| IT
Management: The Future of the IT Organisation
22.03.2004 - Computer Weekly
Prepare to spend to take full advantage of rising demand for complex technology
IT directors should prepare for growth and plan to spend their full budget this
year. That will be the message to corporate IT users attending the Gartner Symposium
in Barcelona this week.
After four years of IT directors cutting costs, rising
business confidence is
fuelling demand for new IT.
There is a sharp turnaround from 2003 when IT directors
were still grappling with the downturn. A quarter of
businesses did not spend their full IT budget
last year, according to Gartner.
This year, however, businesses are preparing
for growth and this will mean an accelerated pace of
change for the IT department and an increased complexity
in technology.
Senior IT managers will have to respond with new business
insight and put forward new technology proposals that
add business
value.
At the same time, IT directors must continue
to rationalise internal infrastructure, drive down
costs, improve
services and demonstrate control, according to the
analyst group. Gartner Symposium delegates will hear analysts question
whether software development will meet the demands
of new and
more complex business needs. Continuing shifts
in application infrastructure, as well as the skills to develop and deploy
these in more modern applications, remain key stumbling blocks for many organisations.
IT
directors will have to answer a series of difficult
questions in the coming months: should you build your
own applications or outsource them? Do you have
the right skills available in-house? Are packaged applications the answer?
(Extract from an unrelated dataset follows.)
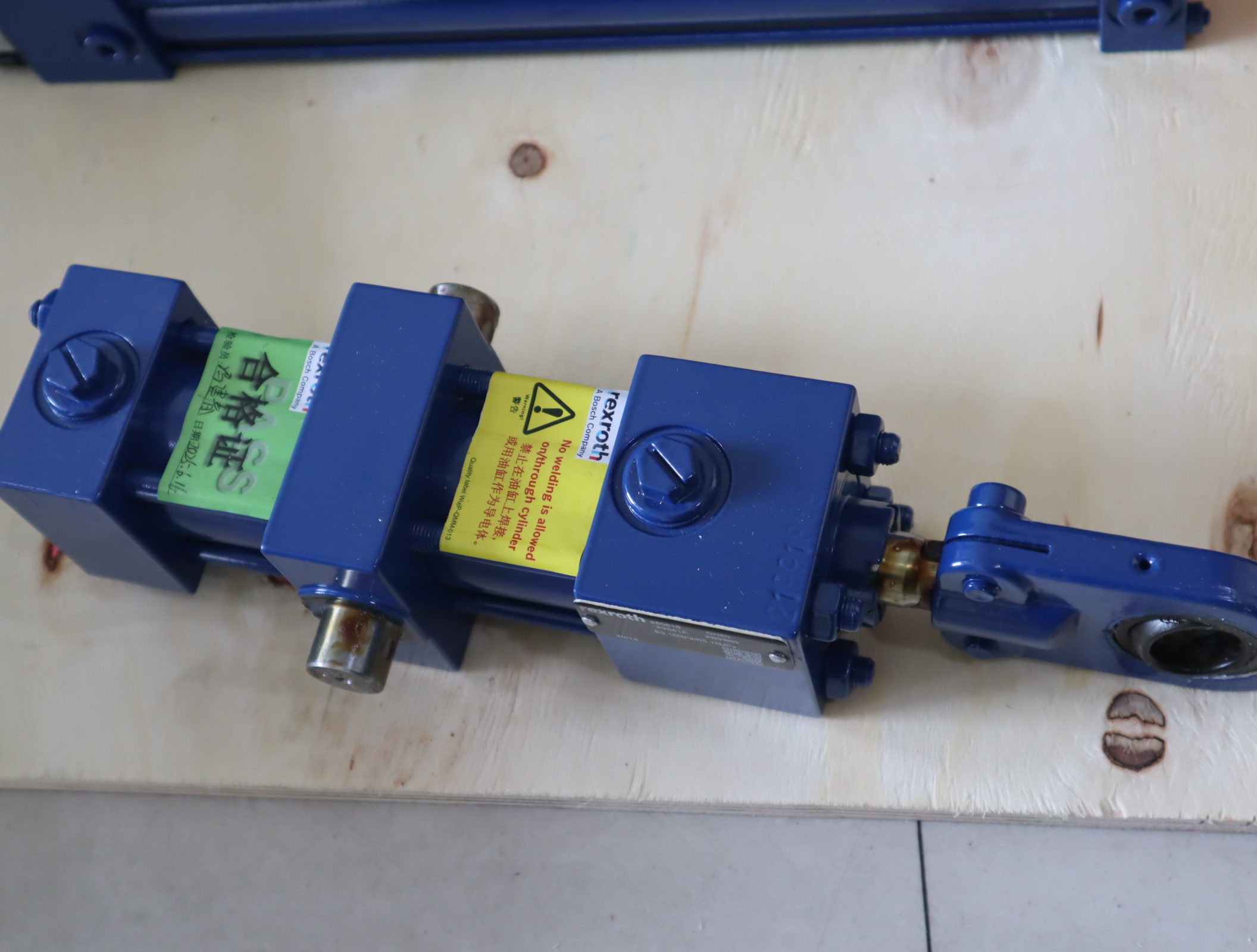 29841A 21991889 BS.16MPa/RS.16MPa 40/18 德国力士乐REXROTH油缸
Should application development be outsourced?
Any opportunity to hand over responsibility
for aspects of IT - whether through an offshore outsourcer
or a UK-based company - needs consideration, Gartner
will warn. Mistakes could leave organisations signed into a contract that cannot
handle
the changing demands of the business.
IT infrastructure will also need to be
refreshed because many companies have delayed upgrading
their PC and server hardware, making their existing
infrastructure
unlikely to cope as business picks up, delegates will be told.
Users seeking
to update their infrastructure will benefit from a
price war among server manufacturers.
Hewlett-Packard
has launched a campaign to lure Sun users, and Sun
is offering low-cost server hardware
based on the AMD Opteron64 processor.
Roger Fulton,
vice president of research at Gartner, said, "It
is a good time for users to buy and reap the rewards
of low-cost servers." Gartner
also expects users to start rolling out mobile infrastructures to support business
agility.
Gartner has coined the term "real-time enterprise" to
describe how businesses need to react to change. Wireless
technology and mobile computing
devices will be key to the future of both the real-time enterprise and a
new generation of consumer products and services, Gartner
said.
Gartner trends
- Careful consideration should be given
to outsourcing
- IT infrastructure should be refreshed
to cope with changing technology
- Users buying now
can take advantage of a supplier price war
- Mobile
infrastructures can support businesses.